- EXERCISE GOAL -
Copy verbatim the material from its first line to the line that holds "BMW X5 F15 Tailgate/trunk/boot", including that line.

*****

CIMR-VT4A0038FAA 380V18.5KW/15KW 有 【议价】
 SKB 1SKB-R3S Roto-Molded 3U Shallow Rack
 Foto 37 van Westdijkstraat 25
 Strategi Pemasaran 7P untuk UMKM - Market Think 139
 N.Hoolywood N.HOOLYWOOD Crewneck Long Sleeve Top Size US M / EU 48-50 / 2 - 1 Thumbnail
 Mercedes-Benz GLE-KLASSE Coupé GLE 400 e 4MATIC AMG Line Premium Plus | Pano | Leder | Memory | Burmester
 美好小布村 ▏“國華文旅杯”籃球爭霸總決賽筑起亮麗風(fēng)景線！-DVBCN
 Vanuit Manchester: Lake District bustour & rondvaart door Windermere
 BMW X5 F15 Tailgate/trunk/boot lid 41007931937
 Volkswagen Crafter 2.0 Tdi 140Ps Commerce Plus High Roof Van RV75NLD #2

*****

- SOLUTION -
CIMR-VT4A0038FAA 380V18.5KW/15KW 有 【议价】
 SKB 1SKB-R3S Roto-Molded 3U Shallow Rack
 Foto 37 van Westdijkstraat 25
 Strategi Pemasaran 7P untuk UMKM - Market Think 139
 N.Hoolywood N.HOOLYWOOD Crewneck Long Sleeve Top Size US M / EU 48-50 / 2 - 1 Thumbnail
 Mercedes-Benz GLE-KLASSE Coupé GLE 400 e 4MATIC AMG Line Premium Plus | Pano | Leder | Memory | Burmester
 美好小布村 ▏“國華文旅杯”籃球爭霸總決賽筑起亮麗風(fēng)景線！-DVBCN
 Vanuit Manchester: Lake District bustour & rondvaart door Windermere
 BMW X5 F15 Tailgate/trunk/boot lid 41007931937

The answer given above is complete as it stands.